Perhaps the area where ncRNAs, predominantly the miRNAs, have been most studied is cancer. The first report of a role for miRNAs in cancer was about chronic lymphocytic leukemia (Calin et al. 2002). Further studies showed that some miRNAs can act as oncogenes (oncomirs) in cancer by promoting the transformation of cells, whereas others act as tumor suppressor genes, and some may even act as both (Fabbri et al. 2008).
Many studies have since been published describing the results of gene expression profiling of miRNAs. They revealed that miRNA expression signatures are more accurate in distinguishing among cancer types than expression signatures of protein-coding genes (Lu et al. 2005; Volinia et al. 2006).
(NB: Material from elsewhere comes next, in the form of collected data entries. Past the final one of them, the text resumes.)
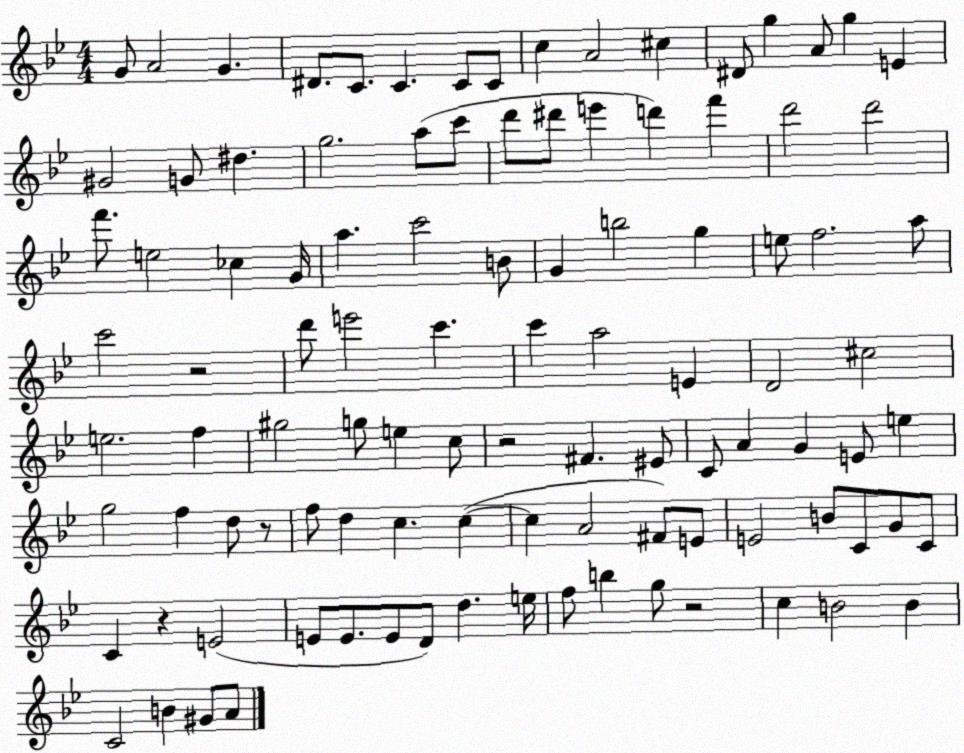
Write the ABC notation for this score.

X:1
T:Untitled
M:4/4
L:1/4
K:Bb
G/2 A2 G ^D/2 C/2 C C/2 C/2 c A2 ^c ^D/2 g A/2 g E ^G2 G/2 ^d g2 a/2 c'/2 d'/2 ^d'/2 e' d' f' d'2 d'2 f'/2 e2 _c G/4 a c'2 B/2 G b2 g e/2 f2 a/2 c'2 z2 d'/2 e'2 c' c' a2 E D2 ^c2 e2 f ^g2 g/2 e c/2 z2 ^F ^E/2 C/2 A G E/2 e g2 f d/2 z/2 f/2 d c c c A2 ^F/2 E/2 E2 B/2 C/2 G/2 C/2 C z E2 E/2 E/2 E/2 D/2 d e/4 f/2 b g/2 z2 c B2 B C2 B ^G/2 A/2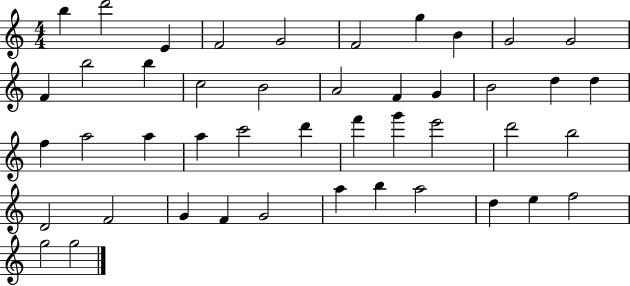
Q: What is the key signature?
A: C major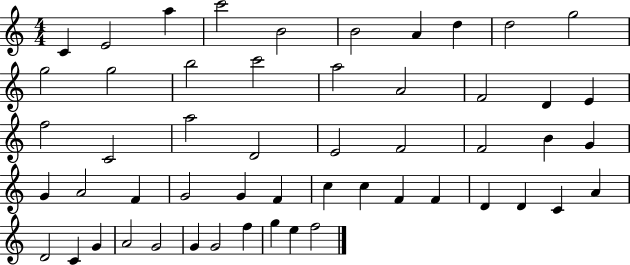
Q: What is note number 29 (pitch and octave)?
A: G4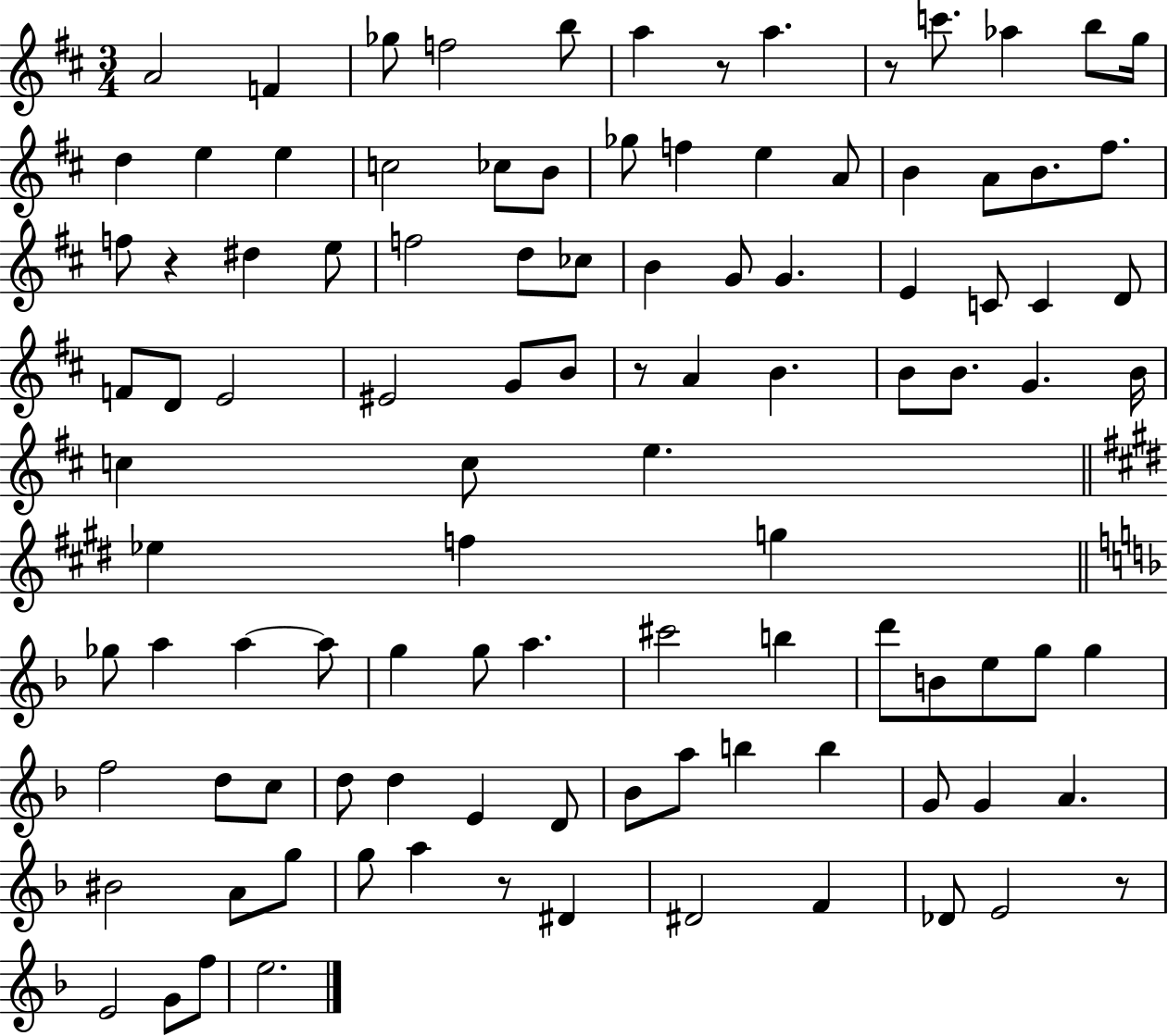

Such signatures have been associated with the diagnosis, prognosis, and/or response to treatment of several human cancers. In addition, miRNA genes should be considered candidates for tumor susceptibility loci and may thus represent a new family of genes involved in cancer penetrance (Sevignani et al. 2007). Although the regulation of transcription of most miRNA genes remains unknown, epigenetic changes can influence miRNA expression; conversely, expression of miRNAs can influence epigenetic changes within a cell leading to cancer (Rouhi et al. 2008-this issue). The articles in this issue highlight the application of bioinformatic tools to study the characteristics and functions of miRNAs and ultraconserved regions (UCRs) in the process of tumorigenesis and describe the use of miRNA and UCR transcripts as tumor biomarkers and therapeutic targets (Rossi et al. 2008– this issue).
The term “RNA continent” was invented to describe the complex nature of the entire mouse transcriptome (Yasuda and Hayashizaki 2008), although it is clear that this concept applies to all genomes. The number of ncRNAs keeps growing and comprehensive databases are being developed to compile and annotate the findings (Table 2). Bioinformatic and experimental approaches are revealing many new long ncRNAs, implying that we have discovered only the tip of the iceberg. Computational approaches have suggested that the number of miRNA transcripts alone is in the tens of thousands for mammalian genomes (Miranda et al. 2006). Furthermore, Rigoutsos and colleagues (2006) used an unsupervised pattern-discovery method to process sequences in the human genome and found “unique functional connections between the coding and non-coding parts of the human genome.” Thus, understanding the full complement of fundamental cellular processes regulated by ncRNAs remains a considerable challenge.
Indeed, the complexity within the genome is telling us that there are many ways to “play” a strand of DNA and even more ways to compose a symphony. Imagine you are back in the room of pianos. In addition to the grade of softness or loudness, and although each song is played with a different tempo, the harmony is evident. You walk down a hallway with multiple doors, each room filled with pianos. The music coming from one room influences the songs played in the next. The building you are in is a multicellular organism, with each floor a different organ and each room a different cell. The symphonies change as you walk down the hallway, mimicking the passage of time. This issue of Mammalian Genome is just the beginning of a musical notebook, with many melodies waiting to be discovered.